Upstairs Hartley Mills seems to have found a balance between the ecstatic state of Chung and anxiety of Bushby. His is an abstraction that seems to have understood the history of Pop Art within his reinvention of the gesture as somewhat funny and cartoonesque. The title of this show is a perfect fit to the way he thinks about and frames up his art. All works are usually titled as some kind of painting trying something on, or rehearsing a look, such as Painting with Blinders, Tower Painting, Cut Painting, X Painting, Deco Painting. ‘Painting’ is also sometimes substituted for the word ‘study’, as in Curve Study with Blinders, Bazaar Study, or there is a sculptural object installed as a Drawing Study for Painting, which in this case is his eighth iteration (VIII). Sculpture as a physical drawing, in the service of painting, is a sophisticated and quirkily disruptive use of signifiers. This one made of thick plywood-batons in the shape of the letter pi, rests against the wall in an italicised lean, with dark-blue velvet wrapped around its two ‘stems.’ It is largely unpainted, except for small spots of green over the plugged and filled nail holes, orange on one square-end of the horizontal arm, and pink on the other. Small bands of paint ring the upper and lower ends of the velvet, as if standing-in for rubber bands pretending to hold it in place.

Drawing Study For Painting VIII is not the only sculptural addition to his painterly language. Two pictures, as their names suggest, sport ‘blinders’ like costume accessories. Perhaps, because of a sense of caricature I thought them reminiscent of the ears on animal onesies. Yet these are triangular and rhomboid wooden flaps nailed to the top of each of these paintings. They serve to extend the painting into space, as well as bring our attention to the sides and edges. As they are meant to do on a harnessed horse, these additions suggest containing the train of attention, maintaining focus without distraction and bearing witness to the work’s concentration.

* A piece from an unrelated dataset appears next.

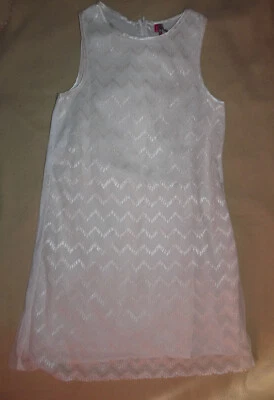 Robe blanche dentelle résille sans manches fête cérémonie mariage fille 10 ans - Photo 1/4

The sense of deliberation where the surfaces are marked with only what they need, and nothing more, reveals their critical emergency as painting, and their emergence, in Verwoert’s sense, of a criteria of critically contingent responses. What is impressive is the lightness of touch, despite such considered surfaces.

Only one of his paintings remains Untitled, as if it dare not name itself and its excesses. With its rugby jersey stripes, it looks to be tucking-in its untidier, more romantic brushy-gestures, behind opaque horizontal white-stripes. Yellow and mustard lines seem to darn the surface in an attempt to keep everything down. The flesh of bare canvas threatens to be exposed. It’s a painterly joke, and Hartley Mills’ humour is never too far from any of these works, whether in the cartoon qualities of Wheel Inside a Wheel, or the semiotic fooling of Bazaar Study.

Pretending seems to be a big part of these paintings as well. They are like children at play, though more knowing while keeping their innocence. I mentioned Cut Painting earlier because of its visual connections to the mural and painting-sketch downstairs. It is a delightful work that impersonates being framed, with black and pink blocked forms whose bevelled ends allude impossibly to three dimensions. The concentrated figurations of green diamond-shaped lines pretend at being centrally severed.

Hartley Mills has the knack of making pictures that seem familiar, though strange. They are anti-heroic in their caricatured dimensions (which usually also relates to their scale) and adhere to a poetic simplicity. In his restless search to resolve the question of a painting, he presents himself as a painter’s painter. This last comment is borne out by the fact that other painters, as I’ve heard tell, have visited to spend time with this show.

Glen Snow

(1) Jan Verwoert, “Emergence: On the Painting of Tomma Abts,” davidzwirner.com, www.davidzwirner.com/wp-content/uploads/2011/…/TA-Verwoert-05.pdf

(2) Ibid.

(3) Shmuel N. Eisenstadt, ‘Multiple Modernities’, in Daedalus, vol. 129, no. 1, Winter 2000, pp. 1-29.

(4) Gilles Deleuze, Francis Bacon (London, New York: Continuum, 2005) 71-2.